A retirement fund does not pay lump sum benefits on the date of receipt of notification of the claim. A lump sum is either paid on the date provided for in the rules of the fund, or in the case of default, after the date provided for in the rules.
It seems that confusion exists among administrators as to how interest on such lump sum benefits should then be treated i.e.: whether the interest should be paid before or after the date on which the fund is obliged to pay the lump sum. Some administrators include the interest in the lump sum benefit payable to a member, whereas other administrators pay the amount separately to the member as interest.
SARS' General Note (GN) 32 attempted to align administrators' treatment of interest in the case of late payment of benefits. GN 32 provided the following:
- Where late payment interest increases a fund’s benefit liability, it is accepted that the interest does not form a separate component from the benefit that is payable to the member. As such, the increased benefit will, in the case of a lump sum benefit, be subject to the provisions of the Second Schedule to the Income Tax Act and, in the case of a pension, be subject to normal tax as an annuity; however
- Where an interest liability arises in addition to and separate from the benefit liability, the fund must annually issue an IT3(b) in respect of the beneficiary, a copy of which must be submitted to SARS.

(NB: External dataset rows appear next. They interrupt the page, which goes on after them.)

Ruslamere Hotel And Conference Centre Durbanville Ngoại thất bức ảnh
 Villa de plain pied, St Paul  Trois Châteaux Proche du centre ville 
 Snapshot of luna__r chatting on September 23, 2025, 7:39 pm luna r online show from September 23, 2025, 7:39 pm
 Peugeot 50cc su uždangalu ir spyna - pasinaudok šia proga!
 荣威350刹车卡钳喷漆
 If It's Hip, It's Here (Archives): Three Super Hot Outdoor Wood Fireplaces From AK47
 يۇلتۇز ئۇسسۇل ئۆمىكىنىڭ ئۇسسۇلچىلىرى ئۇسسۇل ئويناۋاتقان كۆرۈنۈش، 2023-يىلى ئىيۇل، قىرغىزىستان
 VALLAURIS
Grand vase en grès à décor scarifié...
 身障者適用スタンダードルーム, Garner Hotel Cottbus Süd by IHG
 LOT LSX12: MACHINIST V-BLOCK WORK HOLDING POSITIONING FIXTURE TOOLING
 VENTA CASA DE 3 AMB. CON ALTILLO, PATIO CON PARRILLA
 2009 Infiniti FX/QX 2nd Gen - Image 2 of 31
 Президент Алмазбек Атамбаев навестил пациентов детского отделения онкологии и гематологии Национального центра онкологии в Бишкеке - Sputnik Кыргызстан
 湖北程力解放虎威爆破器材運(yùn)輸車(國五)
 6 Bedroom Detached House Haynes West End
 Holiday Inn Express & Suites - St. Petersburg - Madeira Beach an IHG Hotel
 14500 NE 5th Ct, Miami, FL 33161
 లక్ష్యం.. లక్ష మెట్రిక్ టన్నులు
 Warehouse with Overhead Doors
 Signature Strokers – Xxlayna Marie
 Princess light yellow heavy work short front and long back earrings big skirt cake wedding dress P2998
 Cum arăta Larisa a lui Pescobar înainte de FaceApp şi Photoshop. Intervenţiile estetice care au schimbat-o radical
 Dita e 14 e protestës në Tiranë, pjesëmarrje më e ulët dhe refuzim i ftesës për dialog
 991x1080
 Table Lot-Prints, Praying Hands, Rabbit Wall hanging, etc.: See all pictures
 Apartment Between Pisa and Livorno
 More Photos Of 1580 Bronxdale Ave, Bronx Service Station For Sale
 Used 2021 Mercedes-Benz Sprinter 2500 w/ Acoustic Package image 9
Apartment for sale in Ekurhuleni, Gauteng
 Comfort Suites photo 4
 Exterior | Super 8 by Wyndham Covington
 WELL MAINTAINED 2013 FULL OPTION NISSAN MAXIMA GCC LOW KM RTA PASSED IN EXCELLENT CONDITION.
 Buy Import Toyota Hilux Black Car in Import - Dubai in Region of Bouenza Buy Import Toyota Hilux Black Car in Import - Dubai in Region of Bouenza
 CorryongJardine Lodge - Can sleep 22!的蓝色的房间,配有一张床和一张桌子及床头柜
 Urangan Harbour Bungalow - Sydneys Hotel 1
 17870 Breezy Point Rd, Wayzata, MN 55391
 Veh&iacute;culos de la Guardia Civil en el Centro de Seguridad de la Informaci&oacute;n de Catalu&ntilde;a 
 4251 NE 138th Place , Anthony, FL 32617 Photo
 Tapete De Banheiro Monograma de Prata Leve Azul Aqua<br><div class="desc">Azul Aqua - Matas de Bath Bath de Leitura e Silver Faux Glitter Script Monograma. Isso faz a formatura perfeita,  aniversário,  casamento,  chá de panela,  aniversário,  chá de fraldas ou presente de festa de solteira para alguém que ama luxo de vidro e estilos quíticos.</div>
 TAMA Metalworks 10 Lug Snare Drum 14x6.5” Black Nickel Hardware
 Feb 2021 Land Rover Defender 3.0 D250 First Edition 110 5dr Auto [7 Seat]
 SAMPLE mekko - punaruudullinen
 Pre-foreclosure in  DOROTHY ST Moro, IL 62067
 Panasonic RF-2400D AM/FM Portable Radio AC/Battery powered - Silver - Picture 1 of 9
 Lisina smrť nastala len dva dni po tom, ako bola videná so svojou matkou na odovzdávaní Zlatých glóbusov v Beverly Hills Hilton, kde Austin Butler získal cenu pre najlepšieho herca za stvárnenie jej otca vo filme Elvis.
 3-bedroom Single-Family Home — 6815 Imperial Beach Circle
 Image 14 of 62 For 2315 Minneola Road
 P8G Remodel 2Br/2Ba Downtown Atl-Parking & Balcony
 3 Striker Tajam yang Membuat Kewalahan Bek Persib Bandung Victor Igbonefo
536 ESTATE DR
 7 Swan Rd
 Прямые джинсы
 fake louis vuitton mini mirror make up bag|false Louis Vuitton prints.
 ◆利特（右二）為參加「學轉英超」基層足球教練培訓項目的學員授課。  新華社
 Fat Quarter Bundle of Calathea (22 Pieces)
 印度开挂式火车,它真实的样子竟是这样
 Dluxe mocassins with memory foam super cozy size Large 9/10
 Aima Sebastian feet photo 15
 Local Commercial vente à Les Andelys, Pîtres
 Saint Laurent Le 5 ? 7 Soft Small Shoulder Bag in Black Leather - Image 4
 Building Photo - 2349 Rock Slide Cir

GN 32 has since been replaced by the Binding General Ruling (BGR) 31 and the above stated position has now been made clearer. BGR 31 provides the following:
- Where an amount is calculated for the period from receipt of notification of the claim form until the date that the fund is obliged to pay the benefit in terms of the rules of the fund, such amount is to be regarded as forming part of the lump sum benefit; and
- Where a fund fails to make payment of the lump sum benefit on the date they are obliged to, then an additional amount that may become payable in these circumstances would constitute interest and is not part of the lump sum benefit. The fund must issue an IT3(b) to the member and send a copy to SARS.